Codex is the agent you'd want for well-scoped tasks: "add retry logic to the message sender" or "refactor the state machine to handle TTS failures."

Claude Code: Holistic, Risk-Aware

Claude's instinct is to survey the landscape and identify risks across boundaries. It didn't just look at the plugin system -- it created separate investigations for plugin API security, hook system lifecycle, and extension isolation. For code generation, this suggests an agent that will read more widely before writing, consider what could go wrong, and touch more files per change -- adding input validation, checking auth boundaries, and handling edge cases without being explicitly prompted.

Claude is the agent you'd want for changes with broad implications: "add a new channel plugin type" or "implement rate limiting across the gateway."

The Planning Signal

The strongest predictor from this benchmark isn't speed or token count -- it's the planning step. In less than 1% of total tokens, each agent revealed its fundamental approach to problem decomposition:

Codex thinks in subsystems

"What are the components, and what does each one do?"

Claude thinks in risks

"What could go wrong, and where are the boundaries?"

When writing code, this likely translates to: Codex builds the thing you asked for, well-integrated with its immediate surroundings.

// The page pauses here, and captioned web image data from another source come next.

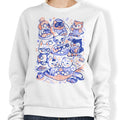 Sleepover Club - Adult & Kids T-Shirts, Sweatshirts & Hoodies apparel design preview 1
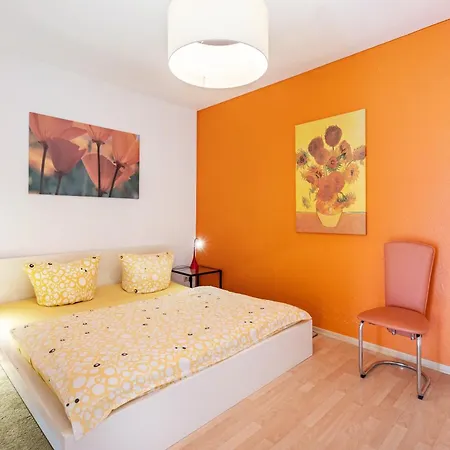 شقة - 2 دريسدن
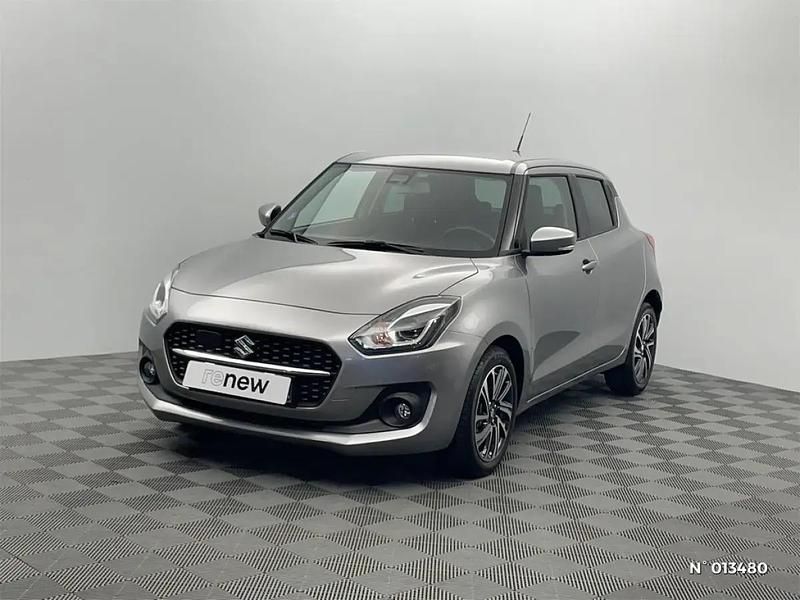 Gris Utilisé 2023 Suzuki Swift | 14 990 € (Bon prix) - Image 1/4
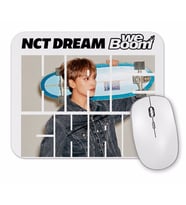 Nct Dream Haechan We Boom Mouse Pad
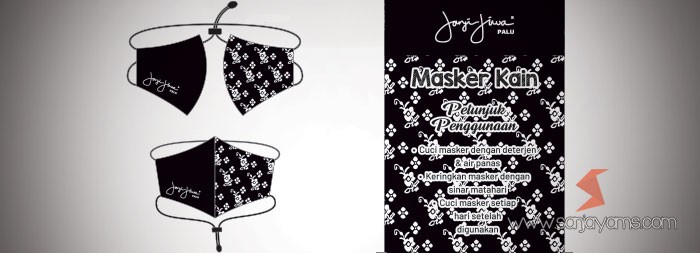 Masker Janji Jiwa
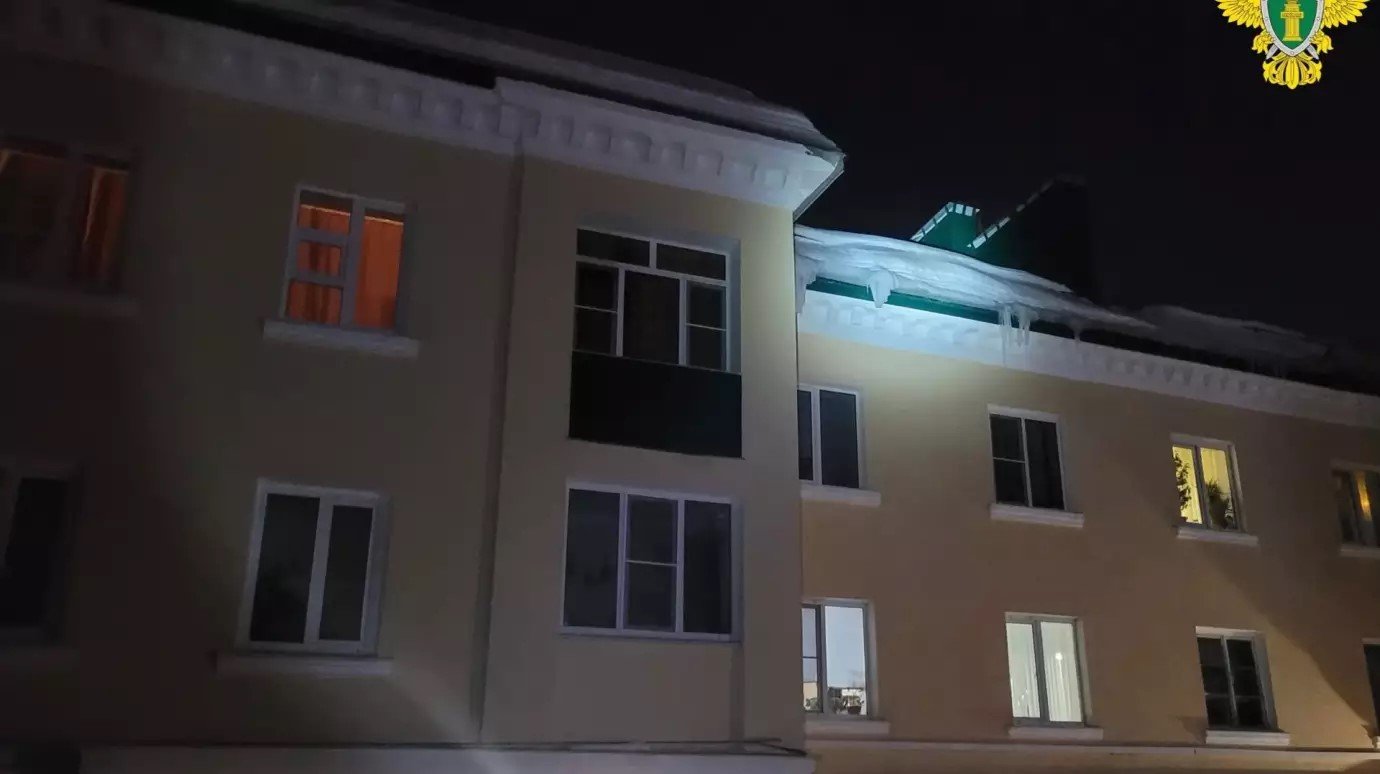 Директор УК осужден за травмы пенсионерки на улице Циолковского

Claude builds the thing you asked for, plus the guardrails you didn't ask for -- at the cost of time and tokens.

Neither approach is better. They're different tools for different problems. But we haven't tested code generation yet. That's the next benchmark.

The Invisible Variable

Same model, same temperature, same prompts, same tools -- but the agent CLI's scaffolding changed everything. The system prompts, tool definitions, exploration patterns, and instruction-following behavior that each CLI wraps around the model produced a 2.7x difference in findings and a 2.2x difference in cost.

The model is constant. The agent is the variable.

This has practical implications for anyone building on top of coding agents: your choice of agent CLI isn't just a preference or vendor lock-in decision. It's a decision about what kinds of problems your system will find -- and what kinds it will miss.